The paper reports that MIRA is strongest on out-of-distribution forecasting and that domain-specific medical pretraining beats larger general-domain time-series foundation models in this setting. Ablations identify the Continuous Dynamics Extrapolation Block as the largest single component contributor, with CT-RoPE and MoE also improving performance.
Limitations
- MIRA is a passive forecasting model; it does not model treatments, interventions, medications, procedures, or clinician actions as action-conditioned next-state dynamics.
- The paper is healthcare-specific. Its pretraining corpus is a strength for clinical forecasting but not evidence that the architecture transfers unchanged to observability, finance, energy, or robotics.
- The benchmark focuses on RMSE and MAE forecasting, not calibrated decision utility, counterfactual prediction, or treatment-effect modeling.

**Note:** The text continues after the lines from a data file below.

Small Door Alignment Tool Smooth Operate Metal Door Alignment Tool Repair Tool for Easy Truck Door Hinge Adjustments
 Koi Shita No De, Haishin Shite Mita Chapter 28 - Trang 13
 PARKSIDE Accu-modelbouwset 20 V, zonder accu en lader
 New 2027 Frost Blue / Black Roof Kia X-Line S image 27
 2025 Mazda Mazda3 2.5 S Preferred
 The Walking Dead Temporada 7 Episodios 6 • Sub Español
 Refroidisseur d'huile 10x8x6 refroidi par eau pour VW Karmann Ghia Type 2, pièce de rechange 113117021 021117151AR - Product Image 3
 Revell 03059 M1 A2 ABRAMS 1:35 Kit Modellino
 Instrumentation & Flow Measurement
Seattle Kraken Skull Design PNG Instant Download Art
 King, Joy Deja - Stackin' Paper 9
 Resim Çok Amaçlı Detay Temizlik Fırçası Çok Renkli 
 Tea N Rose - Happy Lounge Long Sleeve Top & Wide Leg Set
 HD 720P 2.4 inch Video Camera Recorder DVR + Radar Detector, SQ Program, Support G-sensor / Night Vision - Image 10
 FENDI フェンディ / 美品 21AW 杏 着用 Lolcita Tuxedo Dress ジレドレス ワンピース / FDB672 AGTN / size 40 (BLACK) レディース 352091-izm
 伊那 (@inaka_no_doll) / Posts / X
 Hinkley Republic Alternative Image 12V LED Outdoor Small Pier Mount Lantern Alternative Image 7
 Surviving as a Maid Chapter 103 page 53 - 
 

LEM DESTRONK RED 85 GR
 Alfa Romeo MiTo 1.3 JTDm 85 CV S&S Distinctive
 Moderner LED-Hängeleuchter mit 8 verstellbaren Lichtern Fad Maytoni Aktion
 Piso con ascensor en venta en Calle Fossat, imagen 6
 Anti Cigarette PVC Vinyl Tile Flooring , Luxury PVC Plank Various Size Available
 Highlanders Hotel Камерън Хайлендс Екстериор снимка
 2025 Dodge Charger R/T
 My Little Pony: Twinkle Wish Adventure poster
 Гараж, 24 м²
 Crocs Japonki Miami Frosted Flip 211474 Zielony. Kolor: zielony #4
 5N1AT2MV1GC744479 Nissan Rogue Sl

- Medical data sources are public and approved, but the page should still treat privacy, cohort shift, missingness mechanisms, and institutional deployment as unresolved risks.
Foundation TSFM Relevance
| Agenda slot | Verdict | Evidence | Missing pieces |
|---|---|---|---|
| Irregular time and continuous state | partially closes | CT-RoPE encodes irregular timestamps and Neural ODE extrapolation predicts at arbitrary target times. | Needs streaming state-update tests and non-healthcare transfer. |
| Heterogeneous medical corpus and frequency-aware routing | partially closes | MIRA trains over ICU, waveform, EHR, sleep, and public-health time series with frequency-specific expert routing. | Does not natively model cross-channel dynamics; the paper uses channel-independent univariate forecasting. |
| Scaling and domain-specific pretraining | partially closes | The paper reports 454B medical time points and better zero-shot clinical forecasting than general TSFMs. | Needs matched leakage audits and broader benchmark harnesses. |
| Control and counterfactuals | insufficient evidence | No treatment, intervention, or clinician-action channel is evaluated as a controllable input. | Needs action-conditioned medical trajectories and confounding-aware evaluation. |
Links Into The Wiki
- MIRA
- Time-Series Foundation Models
- Latent-State Time-Series Modeling
- Streaming Latent-State Updates
- Mixture Of Experts
- Time-Series Benchmark Hygiene
- Foundation Time-Series Model Research Agenda
Open Questions
- Can MIRA’s continuous-time latent extrapolation be reused for non-medical irregular time series?
- How would MIRA change if treatments, medication doses, procedures, or care-team decisions were explicit action or intervention channels?
- Does frequency-specific expert routing preserve rare clinical regimes, or mostly separate sampling-rate regimes?